6. Help customers to shop simple

Marketers should also streamline product images when possible in cart abandonment emails to show consumers what they have left behind, as well as providing no more than three suggestions for other products.

The goal in this instance is to reduce content bloat on a page. Describing too much can increase time on a page and can confuse buyers out of making the purchase.

7. Use chatbots to answer common questions

Sometimes a landing page is too static to really give customers a feeling that they are receiving help with their questions. Rather than drive potential users to landing pages, retailers are creating and driving users to chatbots for better engagement.  Chatbots can be deployed on a cart page or on a platform customers use regularly, like Facebook Messenger.   

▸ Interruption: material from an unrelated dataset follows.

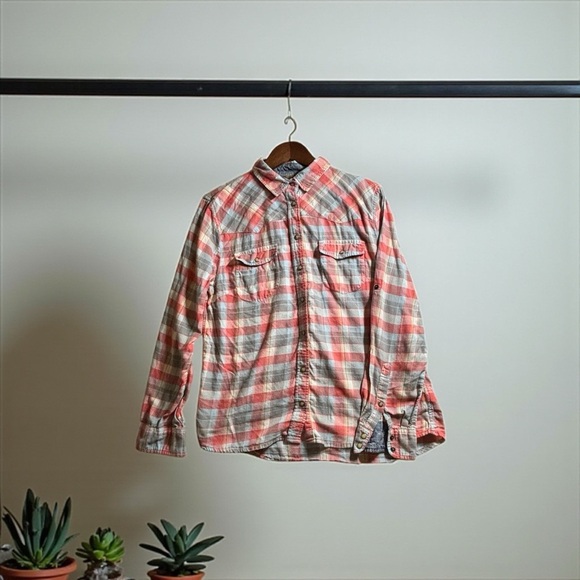 JACHS Girlfriend Tops - JACHS Girlfriend Coral and Blue Plaid Button-Down Long Sleeve Shirt Size Large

8. Review reporting to make sure tracking includes cross-device and user ID

Many analytics solutions have a cross device ID and user ID schematic to tell when the same visitor comes to a website or app through different devices.   You can then filter analytics reports such as visitor flow navigation with metrics that cover multi-channel visitors. or visitors who engage your brand with different devices. 

Setting these identifiers reveals if the shopping cart issues happen when users are seeing something while one the go (mobile), then completing a decision process to purchase when at home (laptop).  

9. A/B test variations on content

Choose to test a set of changes rather than “microtesting” one change at a time. For example, test the location of a different button location or checkout description against the current setup, and determine if there is a significant change in the conversion rate.

Bear in mind that many test platforms have introduced conditional settings, creating an opportunity for evaluating the effectiveness of predictive strategies like re-marketing based on other shopper activity.  Read my earlier post on Google Optimize to learn more about what kinds of features are available.

Creating conditions in an A/B test that emulate the customer experience online opens the door for advanced analysis, and offers marketers new ways to ensure that content entices a sale and a satisfied customer.